Giant Mine Remediation Project
The Giant Mine Remediation Project's primary goal is to protect human health and safety, and the environment. To do so requires the long-term containment and management of the arsenic trioxide waste, water treatment and the surface clean-up of the site.
A set of guidelines outlines the Project Team's commitments on environmental protection, health and safety of the public and staff as well as community engagement. These guidelines were developed with input from the City of Yellowknife, the Yellowknives Dene First Nation, Alternatives North, North Slave Métis Association, Environment Canada and Fisheries and Oceans Canada.

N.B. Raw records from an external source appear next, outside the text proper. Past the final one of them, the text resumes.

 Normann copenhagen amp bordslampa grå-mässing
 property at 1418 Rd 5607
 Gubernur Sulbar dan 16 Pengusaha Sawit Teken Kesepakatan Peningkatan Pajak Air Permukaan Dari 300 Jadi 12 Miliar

Between 1948 and 2004, the Giant Mine was a major economic driver for Yellowknife and the Northwest Territories. When the mine closed, attention focused on the environmental issues left behind, notably 237,000 tonnes of arsenic trioxide stored in underground chambers.
The Remediation Project proposes to leave a new and positive legacy behind: a site that will provide an opportunity for many future uses by the community, as determined by the community.
The Giant Mine Remediation Project Team is comprised of staff from Aboriginal Affairs and Northern Development Canada, Public Works and Government Services Canada and the Government of the Northwest Territories.
The main objectives of the Giant Mine Remediation project are to:
- minimize public and worker health and safety risks;
- minimize the release of contaminants from the site to the surrounding environment;
- remediate the site the site in a manner that instills public confidence;
- implement an approach that is cost-effective and robust over the long term.
The Giant Mine Remediation Project is funded through the Federal Contaminated Sites Action Plan.